As a benchmark for evaluating the ability of HFCVs and other technologies to reduce oil imports and CO2 emissions, the committee developed a reference case scenario based on the high-price case of the Energy Information Administration’s (EIA’s) Annual Energy Outlook 2008 (EIA, 2008). This scenario included a significant increase in fuel economy standards as required by the Energy Independence and Security Act of 2007. The committee used the EIA report to estimate factors such as the future number of vehicles of different types on the road, as well as reference case fuel economies and gasoline prices. The committee recognizes, of course, that the projections presented in this study—like any other—contain significant uncertainties and unknowns because of changes that are likely to occur over the next several decades.

SYNOPSIS OF STUDY RESULTS

The substantial financial commitments and technical progress made by the automotive industry, private entrepreneurs, and the U.S. Department of Energy (DOE) in hydrogen fuel cell and hydrogen production technologies suggest the potential for progress to the point that commercial HFCVs could be introduced in the United States in 2015-2020. However, these vehicles are unlikely to be cost-competitive until several years after 2020 even if the maximum practicable number is reached. It will thus require substantial government action (e.g., subsidies and enactment of regulations), plus continued support for research, development, and demonstration (RD&D), to move HFCVs into the market in sufficient numbers to reduce costs and make the technology self-supporting in the marketplace. Nevertheless, the committee’s analysis also showed that the long-term promise of HFCVs in reducing oil consumption and CO2 emissions is significant, and potentially greater than that of other nearer-term alternatives. Although it was not asked to make a formal analysis of the value of policies to support hydrogen, the committee believes that, in view of the potential risks posed by oil supply disruptions and increasing CO2 emissions from oil use, the magnitude of the potential benefits justifies sustained government support of hydrogen vehicle development as part of a portfolio of options to address these serious national problems.

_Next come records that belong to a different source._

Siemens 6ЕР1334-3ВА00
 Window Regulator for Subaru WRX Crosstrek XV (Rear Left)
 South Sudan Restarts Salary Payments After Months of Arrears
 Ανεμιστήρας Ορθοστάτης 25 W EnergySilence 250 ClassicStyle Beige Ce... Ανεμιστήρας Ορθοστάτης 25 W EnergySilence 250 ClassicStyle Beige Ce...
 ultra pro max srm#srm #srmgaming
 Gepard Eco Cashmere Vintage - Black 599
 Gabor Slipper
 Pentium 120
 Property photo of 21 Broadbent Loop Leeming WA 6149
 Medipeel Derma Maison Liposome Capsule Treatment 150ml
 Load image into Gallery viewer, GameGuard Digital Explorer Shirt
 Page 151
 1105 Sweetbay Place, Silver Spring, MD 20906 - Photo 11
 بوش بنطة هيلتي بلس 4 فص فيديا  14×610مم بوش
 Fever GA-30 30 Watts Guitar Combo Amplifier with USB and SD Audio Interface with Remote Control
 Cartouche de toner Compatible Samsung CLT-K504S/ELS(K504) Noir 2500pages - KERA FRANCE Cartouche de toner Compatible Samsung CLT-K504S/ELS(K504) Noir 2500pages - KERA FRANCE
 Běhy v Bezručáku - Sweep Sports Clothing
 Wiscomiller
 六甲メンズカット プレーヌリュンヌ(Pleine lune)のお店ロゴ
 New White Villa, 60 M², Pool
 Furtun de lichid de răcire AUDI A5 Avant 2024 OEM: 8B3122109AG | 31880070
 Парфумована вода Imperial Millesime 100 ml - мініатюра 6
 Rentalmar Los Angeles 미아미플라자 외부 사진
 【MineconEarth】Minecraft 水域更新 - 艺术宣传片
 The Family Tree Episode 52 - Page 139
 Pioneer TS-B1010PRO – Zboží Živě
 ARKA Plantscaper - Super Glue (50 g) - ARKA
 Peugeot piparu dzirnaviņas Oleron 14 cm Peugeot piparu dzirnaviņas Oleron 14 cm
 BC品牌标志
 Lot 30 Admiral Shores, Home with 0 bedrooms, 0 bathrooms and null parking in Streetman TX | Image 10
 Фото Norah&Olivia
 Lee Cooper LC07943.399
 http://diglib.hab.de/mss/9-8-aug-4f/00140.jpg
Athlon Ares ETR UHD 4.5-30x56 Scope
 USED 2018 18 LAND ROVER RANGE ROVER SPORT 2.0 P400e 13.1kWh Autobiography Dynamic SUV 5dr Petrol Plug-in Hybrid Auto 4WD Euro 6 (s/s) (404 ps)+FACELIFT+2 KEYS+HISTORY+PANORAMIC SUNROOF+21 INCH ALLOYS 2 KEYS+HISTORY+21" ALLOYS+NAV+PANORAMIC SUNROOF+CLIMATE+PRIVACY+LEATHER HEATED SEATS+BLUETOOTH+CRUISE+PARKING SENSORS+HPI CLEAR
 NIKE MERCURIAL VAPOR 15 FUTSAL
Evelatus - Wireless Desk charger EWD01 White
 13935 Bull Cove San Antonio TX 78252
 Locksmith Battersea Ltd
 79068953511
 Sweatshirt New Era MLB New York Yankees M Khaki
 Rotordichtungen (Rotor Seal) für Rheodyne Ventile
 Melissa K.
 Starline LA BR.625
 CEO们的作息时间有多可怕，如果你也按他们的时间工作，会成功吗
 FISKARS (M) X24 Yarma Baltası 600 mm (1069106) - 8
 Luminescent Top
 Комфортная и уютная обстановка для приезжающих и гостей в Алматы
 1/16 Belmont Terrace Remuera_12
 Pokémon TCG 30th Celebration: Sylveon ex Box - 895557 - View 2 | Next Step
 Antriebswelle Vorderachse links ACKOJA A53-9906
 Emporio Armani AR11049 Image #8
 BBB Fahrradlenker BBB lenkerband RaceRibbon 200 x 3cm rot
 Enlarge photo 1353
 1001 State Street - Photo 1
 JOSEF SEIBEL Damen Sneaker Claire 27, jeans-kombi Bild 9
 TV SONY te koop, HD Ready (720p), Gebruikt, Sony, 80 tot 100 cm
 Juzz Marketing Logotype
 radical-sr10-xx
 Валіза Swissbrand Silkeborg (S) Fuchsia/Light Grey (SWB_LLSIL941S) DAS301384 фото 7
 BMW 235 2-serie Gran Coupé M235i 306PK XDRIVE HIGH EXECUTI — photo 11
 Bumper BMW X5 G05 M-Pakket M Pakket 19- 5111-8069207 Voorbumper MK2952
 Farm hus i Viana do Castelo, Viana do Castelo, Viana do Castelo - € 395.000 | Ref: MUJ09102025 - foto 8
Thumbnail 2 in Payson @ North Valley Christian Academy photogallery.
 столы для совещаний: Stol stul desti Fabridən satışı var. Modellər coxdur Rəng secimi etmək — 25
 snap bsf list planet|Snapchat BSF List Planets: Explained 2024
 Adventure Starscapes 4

The committee’s analysis indicated that over the next two decades, a combination of improved conventional and hybrid vehicle fuel economy, together with increased use of biomass-derived fuels (known generically as biofuels)—and with sufficient market conditions and policies in place—could deliver substantial reductions in U.S. oil use and CO2 emissions. While HFCVs are unlikely to deliver significant benefits in this period, eventually they can do much better. Thus HFCVs are not direct competitors with other options that are able to deliver more immediate environmental and fuel use benefits. Instead, if employed with these options, collectively they can achieve dramatic, long-term reductions in oil use and CO2 emissions—benefits that could continue to grow beyond the 2030-2050 time frame. Achieving significant benefits of this kind, however, will require additional policy measures to promote the early introduction of fuel cell vehicles and to ensure that hydrogen is produced in ways that do not add to the CO2 burden.


CONCLUSION 1: A portfolio of technologies including hydrogen fuel cell vehicles, improved efficiency of conventional vehicles, hybrids, and use of biofuels—in conjunction with required new policy drivers—has the potential to nearly eliminate gasoline use in light-duty vehicles by the middle of this century, while reducing fleet greenhouse gas emissions to less than 20 percent of current levels. This portfolio approach provides a hedge against potential shortfalls in any one technological approach and improves the probability that the United States can meet its energy and environmental goals. Other technologies also may hold promise as part of a portfolio, but further study is required to assess their potential impacts. See Chapter 9.


CONCLUSION 2: Sustained, substantial, and aggressive energy security and environmental policy interventions will be needed to ensure marketplace success for oil-saving and greenhouse-gas-reducing technologies, including hydrogen fuel cell vehicles. See Chapter 8.

TECHNOLOGY ASSESSMENT

To develop the maximum practicable number scenario and associated budget roadmap, the committee assessed the technical progress and future challenges for (1) hydrogen fuel cell vehicles and (2) hydrogen production and delivery systems.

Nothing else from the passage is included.